**EXERCISE PROMPT**
Although the listing contains pictures, reproduce only its text, exactly as written.
** PROVIDED DATA follows **
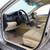 2016 Toyota Camry SE - GOOD/BAD/NO CREDIT OK! 6 thumbnail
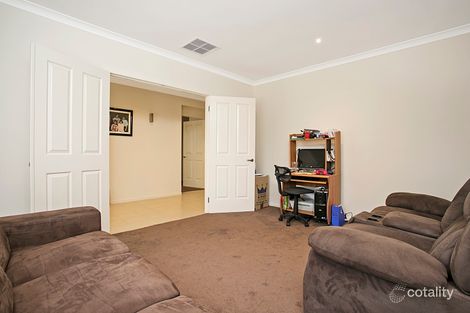 Property photo of 19 Dakota Avenue Wallan VIC 3756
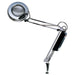 Lampe d'examen Moretti MO417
** End of PROVIDED DATA **
**YOUR SOLUTION**
 2016 Toyota Camry SE - GOOD/BAD/NO CREDIT OK! 6 thumbnail
 Property photo of 19 Dakota Avenue Wallan VIC 3756
 Lampe d'examen Moretti MO417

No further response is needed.